Par exemple, si je possède un dé, mais que je ne sais pas quels résultats il peut donner, on peut considérer que chaque lancer de dé est un « participant ». Je lance le dé deux fois, et je tombe deux fois sur 6. Le dé donne donc un résultat de 6 dans 100% des cas. Est-ce une vérité générale, ou est-ce seulement le hasard ?
Le dé a six faces, donc je décide de le lancer six fois. Vais-je forcément connaître tous les résultats possibles en lançant le dé ?

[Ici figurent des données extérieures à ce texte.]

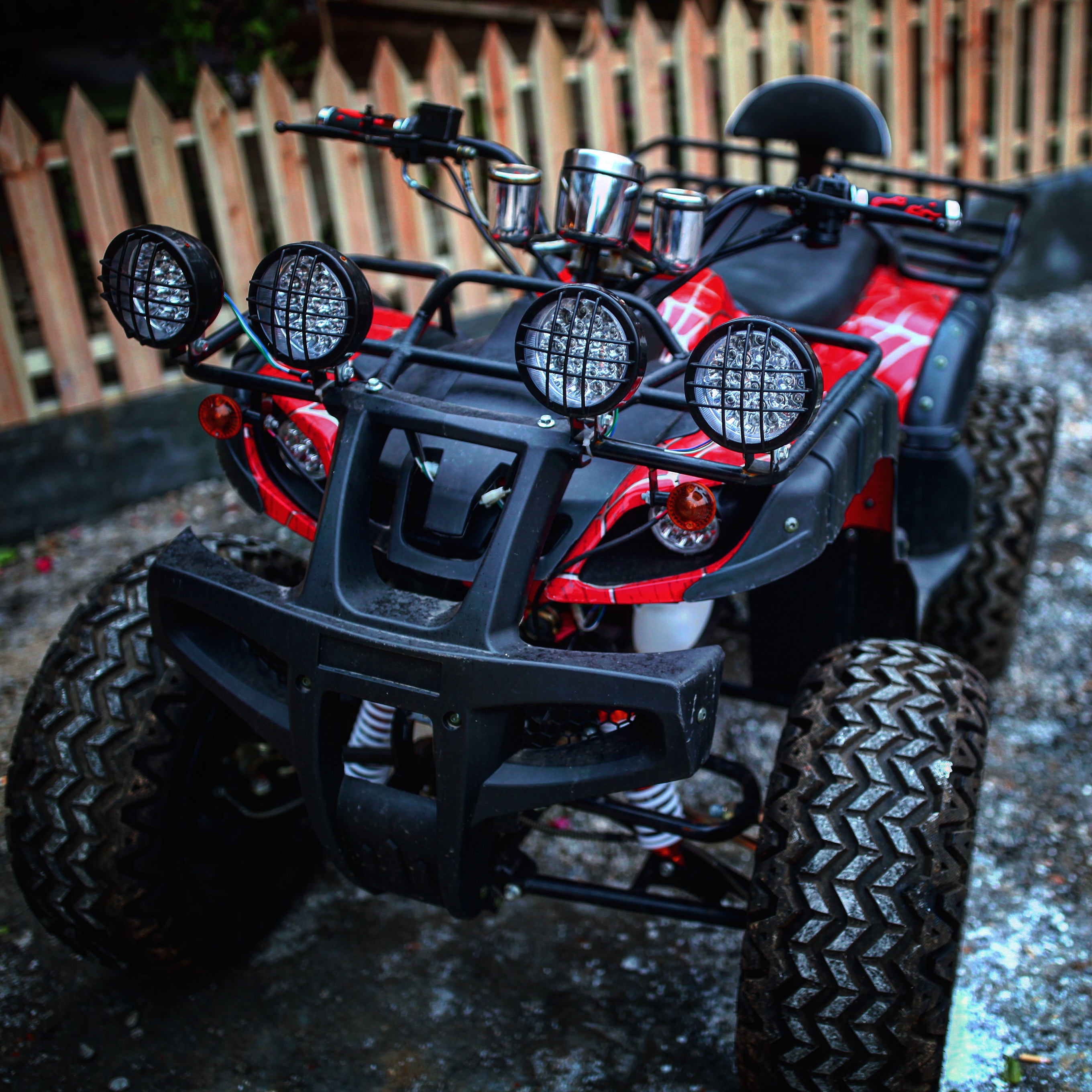 居然还停着一辆沙滩车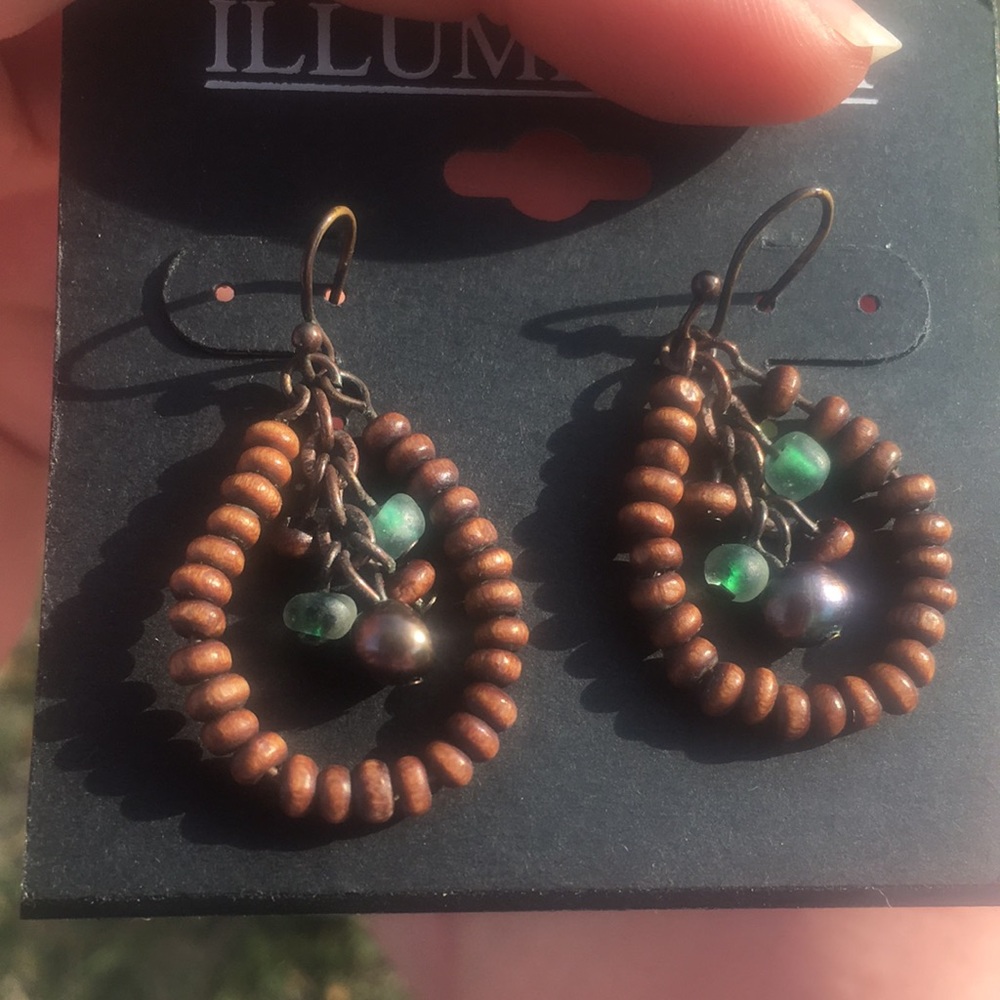 Ethnic wooden freshwater Pearl Pierced earrings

Les analyses statistiques permettent de répondre à ces questions, de différentes manières :
– Est-il plus probable que les résultats soient expliqués par mon hypothèse que par le hasard ?
– Est-ce que mon hypothèse est plus probable que l’hypothèse inverse ?
– Mon hypothèse s’applique-t-elle dans tous les cas, ou seulement dans une catégorie de situations ?
– De combien de participants ai-je besoin au minimum pour répondre à ma question ?
Lorsque les analyses statistiques sont réussies, on dit souvent que les résultats sont significatifs. Cela signifie que l’on peut être suffisamment sûrs de nos résultats, et qu’ils répondent bien à nos hypothèses de recherche, que ce soit pour les confirmer ou pour dire qu’elles sont fausses. Obtenir des résultats significatives est parfois considéré comme une preuve que notre protocole de recherche était suffisamment bon pour montrer la différence à laquelle on s’intéresse.

En recherche qualitative, on utilise d’autres types de méthodes d’analyse, plus souvent basées sur l’analyse du discours que sur des statistiques complexes. Des fréquences peuvent rester pertinentes à mesurer, mais la recherche qualitative vise surtout à faire émerger le sens du contenu.

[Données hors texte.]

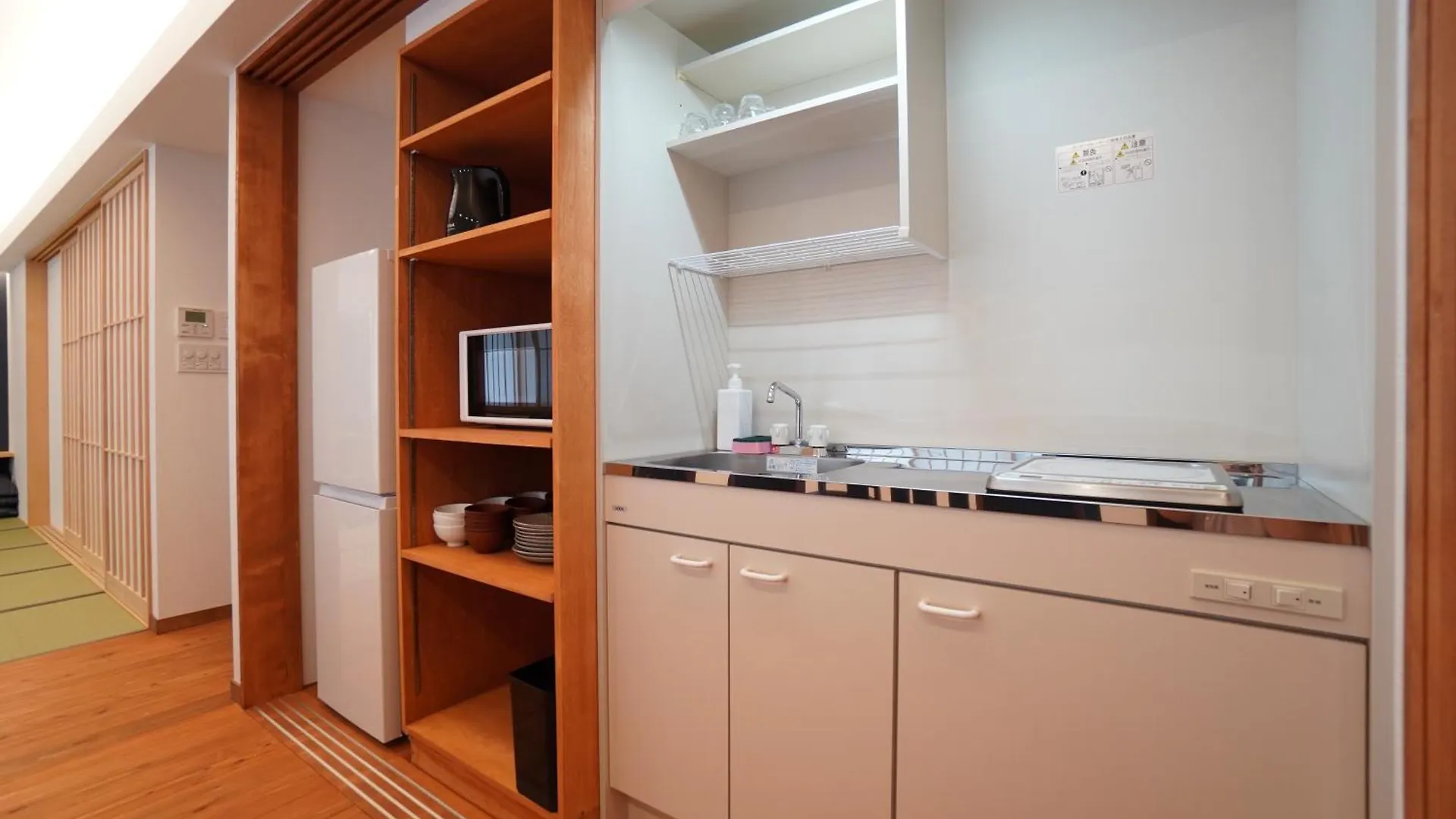 Bird Hostel Palace Side Suite Kyoto Japan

La rédaction et la publication

Rédaction scientifique

Une fois la recherche terminée, le chercheur rend compte de ses travaux en rédigeant ses trouvailles. La voie royale pour des travaux de recherche est la publication sous la forme d’un article scientifique. Il est proposé à une revue, qui le fait relire par un comité de lecture, et l’accepte ou non.

Sous ce format, les articles sont généralement structurés de la même manière :
– Un résumé de la recherche effectuée, avec ses mots-clés principaux, la question posée et les résultats obtenus.
– La partie théorique, qui regroupe la revue de littérature et la problématique. Pourquoi a-t-on fait cette recherche, et quels étaient les travaux précédents pertinents ? Pour les projets de recherche plus théoriques, cette section peut être plus longue, et présenter un important travail de conceptualisation.
– La partie méthode, qui explique les choix du protocole de recherche. Avec quels participants, quels outils, et de quelle manière a-t-on répondu à la question ? Si un autre chercheur souhaite répliquer l’étude afin de vérifier ses résultats, comment la refaire d’une manière aussi ressemblante que possible ?
– La partie résultats, qui donne les résultats obtenus et les traitements statistiques effectués dessus.
– La partie discussion, qui interprète ces résultats au regard de la partie théorique. A-t-on répondu à notre question ? Qu’a-t-on appris ? A-t-on découvert quelque chose de nouveau ?

Les travaux de recherche peuvent également être présentés sous d’autres formes : livres (qui regrouperont souvent plusieurs recherches, et souvent plusieurs auteurs), présentation à des congrès ou conférences, cours donnés à l’université …
La rédaction n’attend pas forcément la toute fin du projet de recherche. Le chercheur peut aussi rédiger son travail au fur et à mesure qu’il l’effectue.

Publication scientifique

Réussir à faire publier son travail est la récompense ultime pour les chercheurs, mais le système de publication scientifique internationale comporte malheureusement de nombreux biais. Pour ne prendre qu’un seul exemple, on ne parvient souvent qu’à faire publier des recherches qui valident l’hypothèse de recherche. Pourtant, montrer qu’une hypothèse était fausse donne aussi des informations, intéressantes à partager.

La fin d’un travail de recherche produit donc de la nouvelle littérature scientifique, et donne au chercheur lui-même de nouvelles idées pour essayer d’autres choses. Le cycle du processus de recherche recommence…

Dernière mise à jour de cette page : 04 / 05 / 2025.